» **Recorded information**:
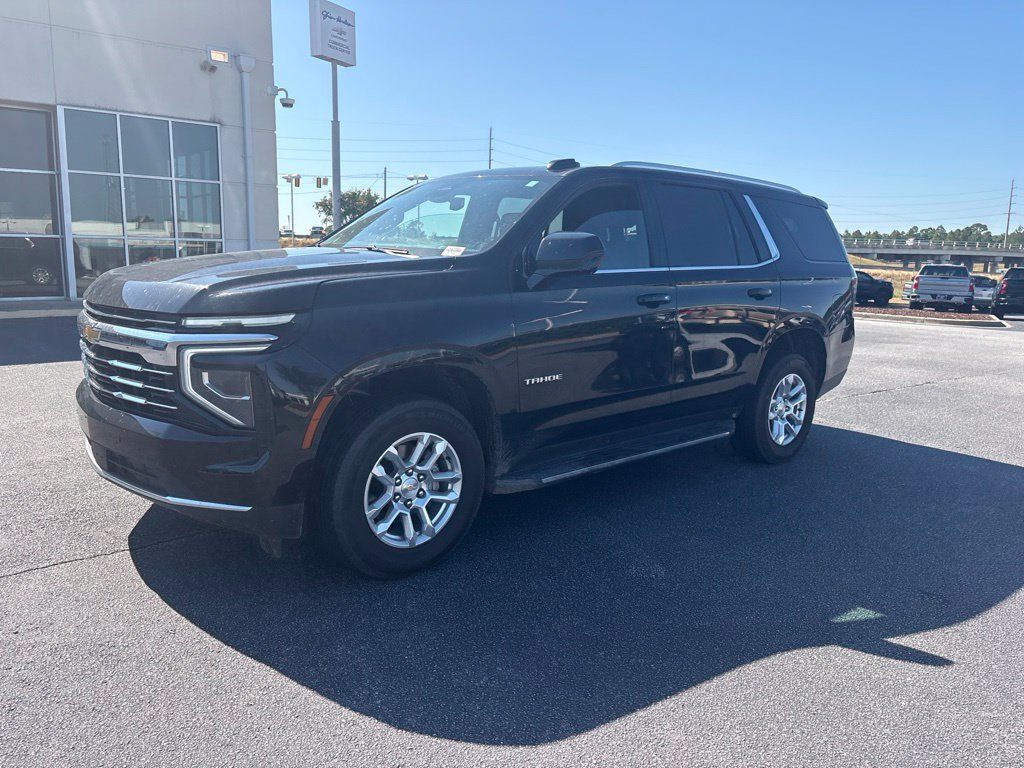 Used 2025 Chevrolet Tahoe LT RWD image 8
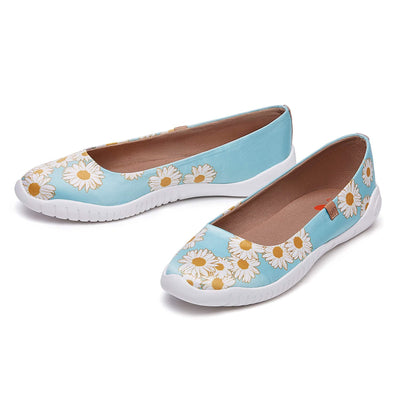 UIN Footwear Women Daisy Dew Minorca III Women Canvas loafers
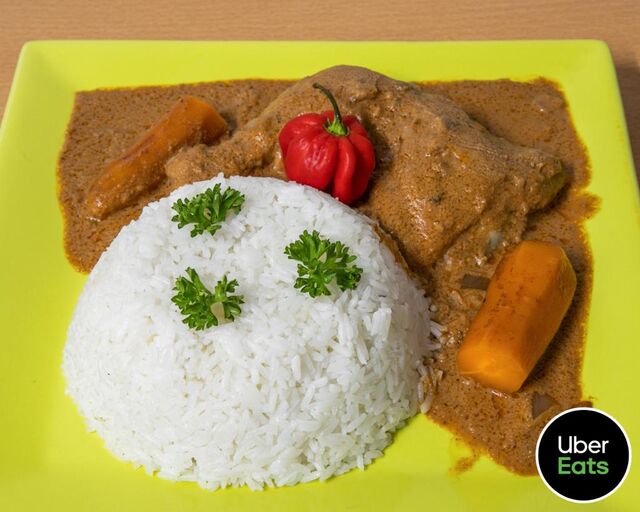 MAFÉ : riz blanc parfumé accompagné de sa sauce aux tomates fraîches et sa pâte d’arachide avec son bœuf / agneau ou poulet 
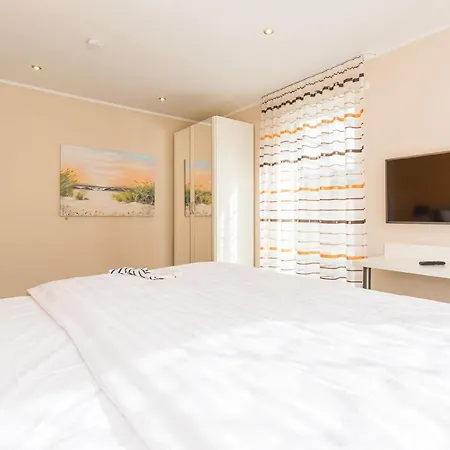 Apartment Lifestyle _ Vip_lounge_suite *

» **Exercise description**:
Copy out exactly the lines from the one with "UIN Footwear Women" through the end of the listing, both ends included, omitting any picture.

» **Solution**:
 UIN Footwear Women Daisy Dew Minorca III Women Canvas loafers
 MAFÉ : riz blanc parfumé accompagné de sa sauce aux tomates fraîches et sa pâte d’arachide avec son bœuf / agneau ou poulet 
 Apartment Lifestyle _ Vip_lounge_suite *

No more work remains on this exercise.